So, while Lively was taking heat for her “tone deaf” promotion strategy, her co-star/director was giving interviews on the importance of supporting survivors and accepting a Male Ally award from a women’s non-profit, Vital Voices. The award was rescinded after Lively went public in her legal action. Baldoni was also dropped by his agency WME. In January, he filed the US$400-million defamation lawsuit against Lively and Reynolds.

What does Game of Thrones have to do with any of this?

Per Baldoni’s lawsuit, “This is a case about two of the most powerful stars in the world deploying their enormous power to steal an entire film right out of the hands of its director and production studio.” To back up his version of events, he shares a text he got from Lively early on in filming after she showed him a reworked version of one of the movie’s major scenes: “If you ever get around to watching Game of Thrones, you’ll appreciate that I’m Khaleesi, and like her, I happen to have a few dragons …”

In response Baldoni texted back: “I really love what you did. It really does help a lot. Makes it so much more fun and interesting. (And I would have felt that way without Ryan and Taylor),” seemingly confirming the identities of the dragons.
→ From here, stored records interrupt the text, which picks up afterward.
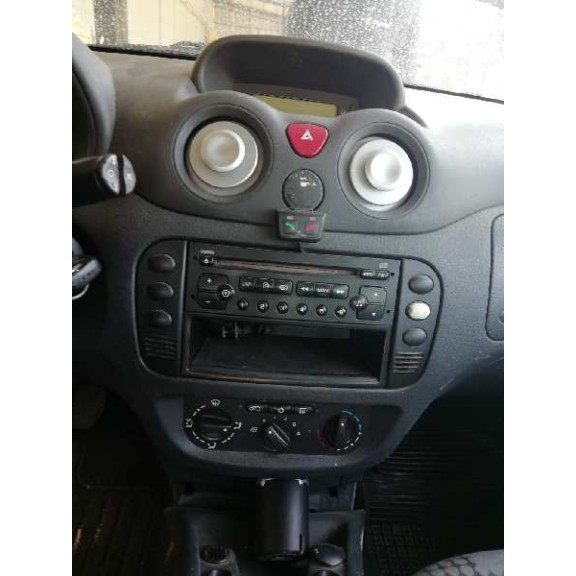 citroën c2 del año 2003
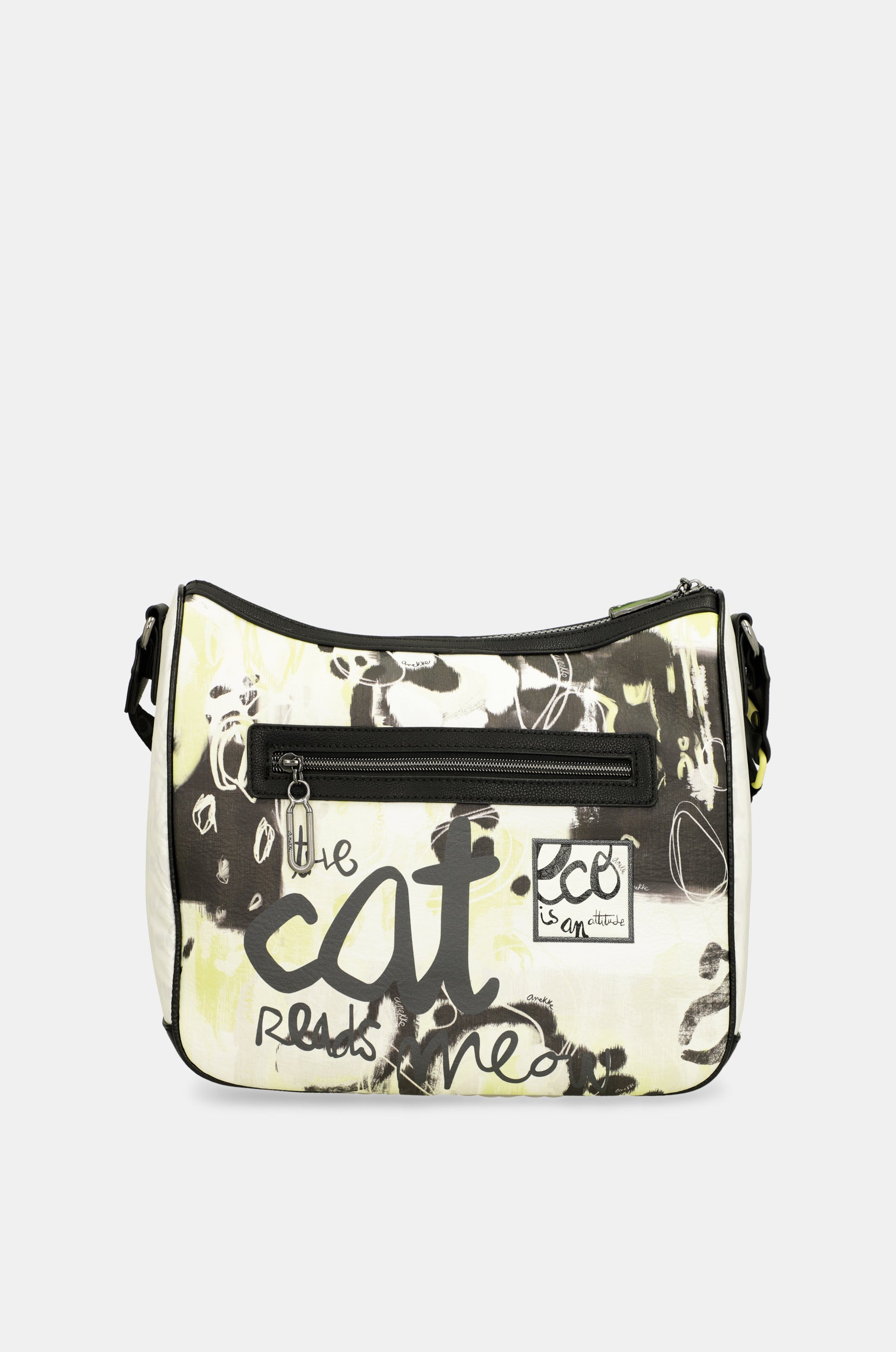 Large crossbody bag Nature Towanda
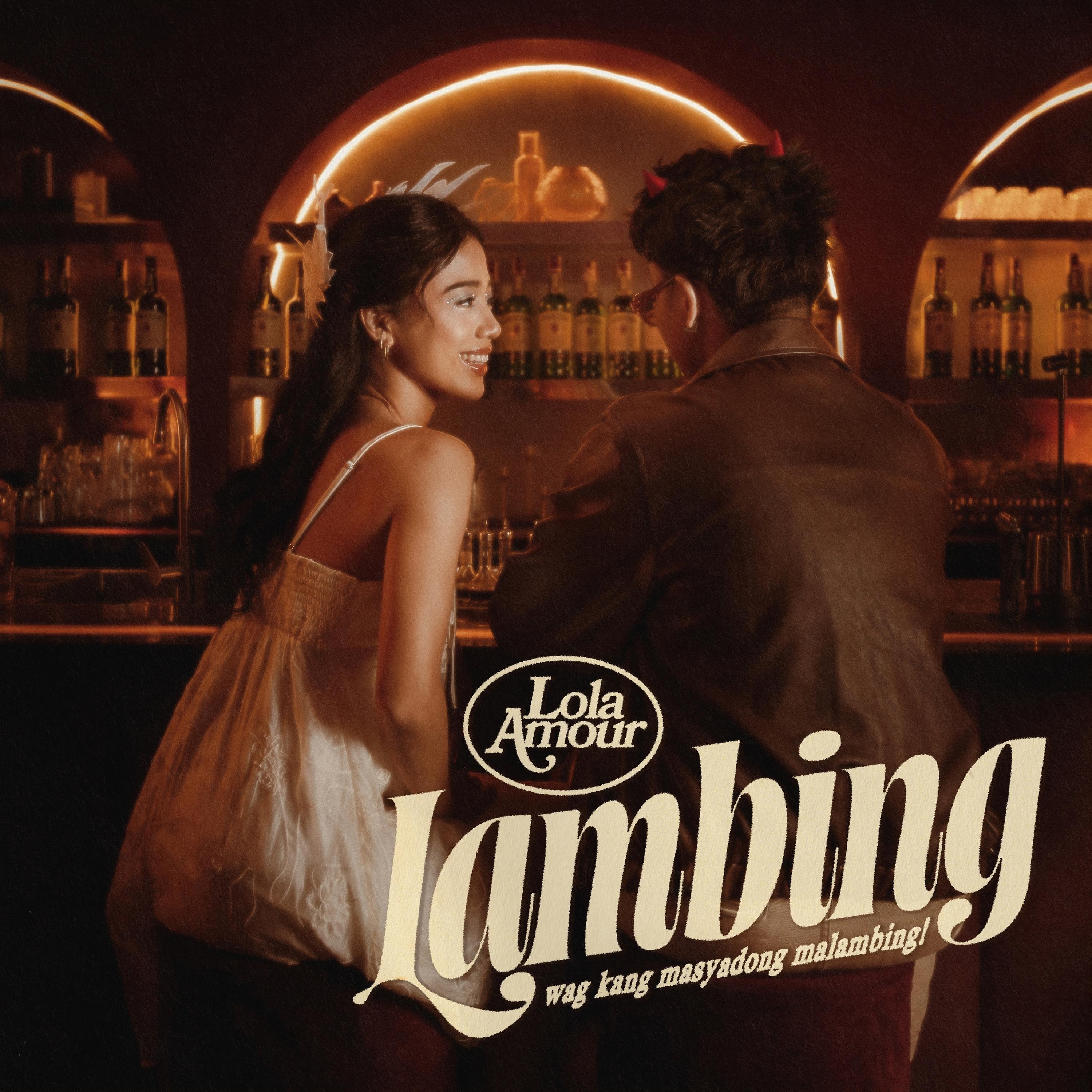 Lambing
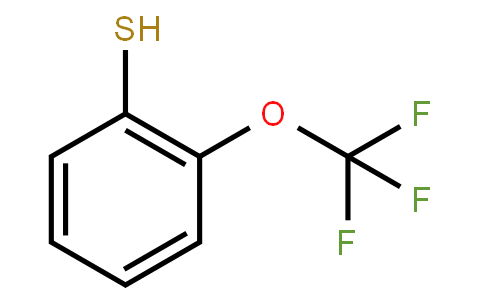 HF15426 | 175278-01-0 | 2-(Trifluoromethoxy)thiophenol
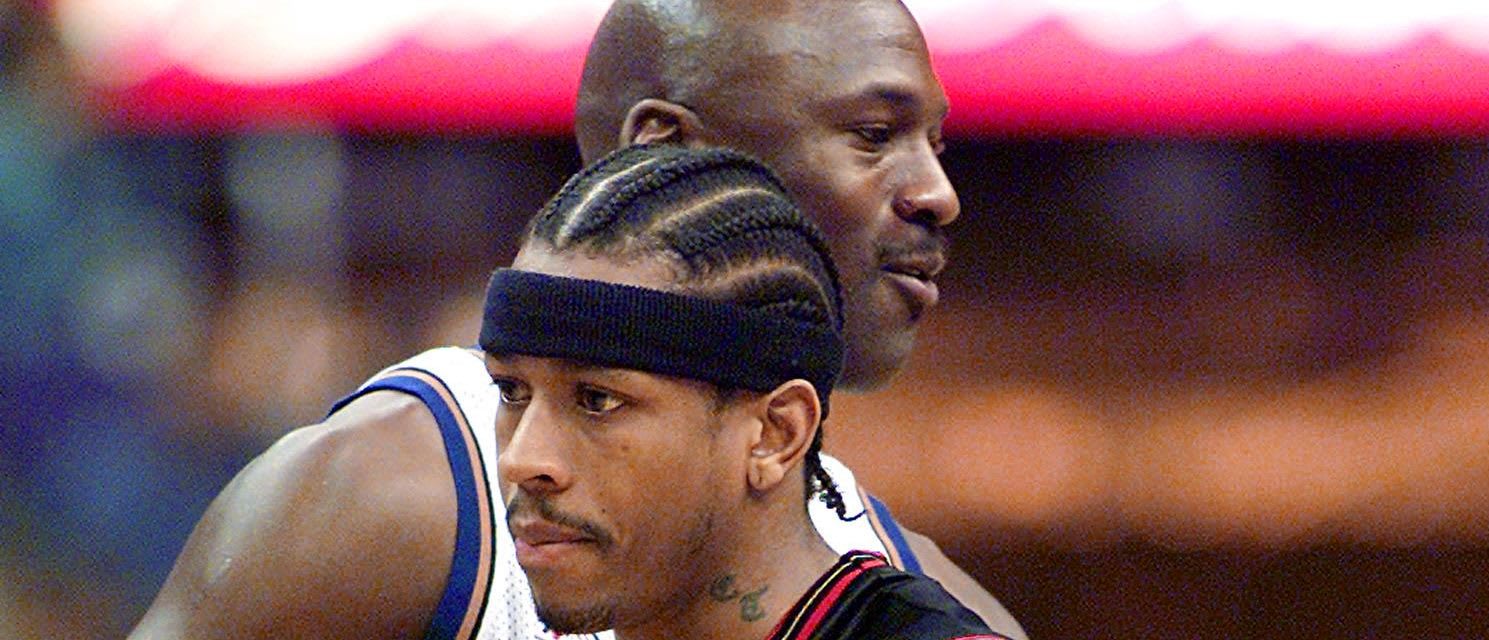 Two NBA Legends Call Players Today Soft Over New Technique In Separate ...
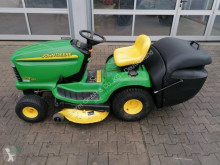 Tracteur agricole John Deere occasion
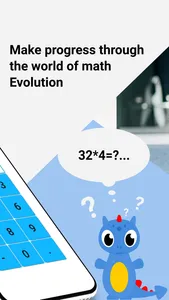 Matix: Powerful math practice screenshot 1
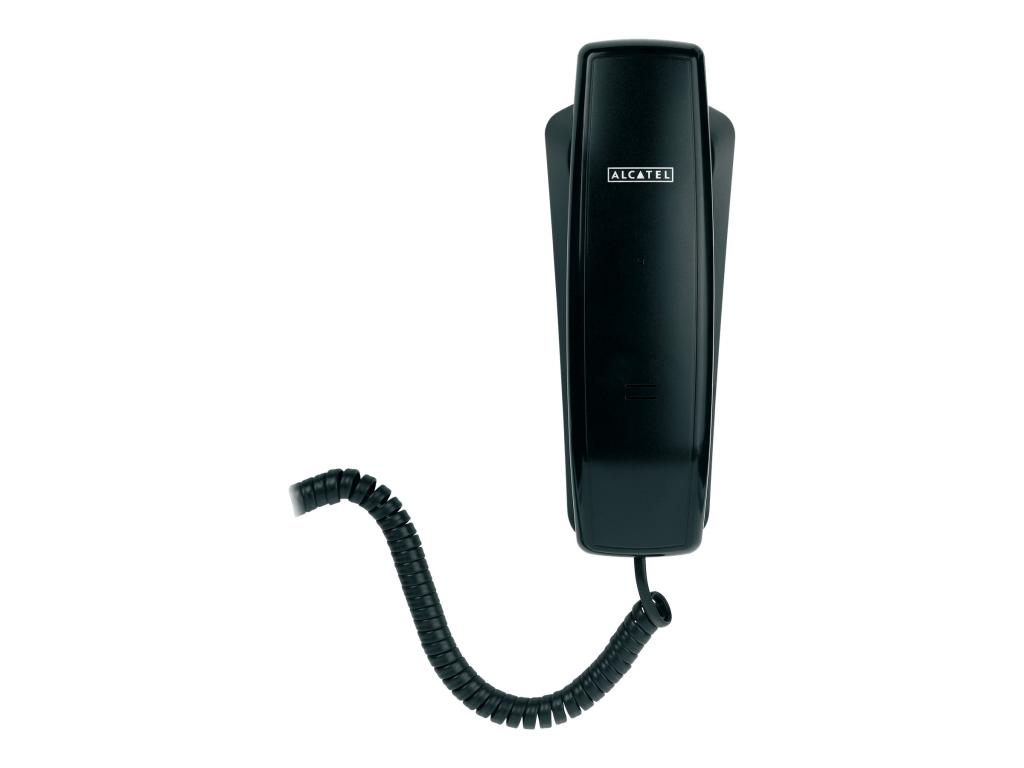 Image Alcatel Temporis 10 Schnurgebundenes Telefon schwarz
As in Taylor Alison Swift??!!

The one, the only. Swift is godparent to three of Lively and Reynolds’s four children and obviously a member of the inner circle. According to Baldoni’s lawsuit, she was privy to certain events that may be relevant to the legal proceedings. So, of course the Swift-o-verse is now salivating about whether she might be subpoenaed to testify. During an appearance on a podcast last month, Baldoni’s lawyer indicated this could be a possibility, but now Lively and Reynolds are fighting to keep their famous friends out of court.

You mentioned a man bun

Ah, yes. As far as spicy side plots go, this might be the winner: In January, Baldoni’s lawyers sent a letter to Disney and Marvel executives, including Bob Iger and Kevin Feige, asking them to preserve relevant documents relating to the creation of Nicepool, a character in Deadpool & Wolverine. He is a man-bun sporting, virtue signalling, man bro who can’t make a move without an intimacy co-ordinator and brags about being a feminist.

Baldoni’s team is alleging a “deliberate attempt to mock, harass, ridicule, intimidate or bully Baldoni through the character of ‘Nicepool.’” It’s unclear if this accusation will end up in court or it’s just another example of the DARVO strategy.

DARVO?

Lively’s legal team says Baldoni’s lawsuit is just another example of a PR strategy that has gotten one heck of a workout in the post #metoo era: “A woman speaks up with concrete evidence of sexual harassment and retaliation and the abuser attempts to turn the tables on the victim. This is what experts call DARVO. Deny. Attack. Reverse Victim [and] Offender.”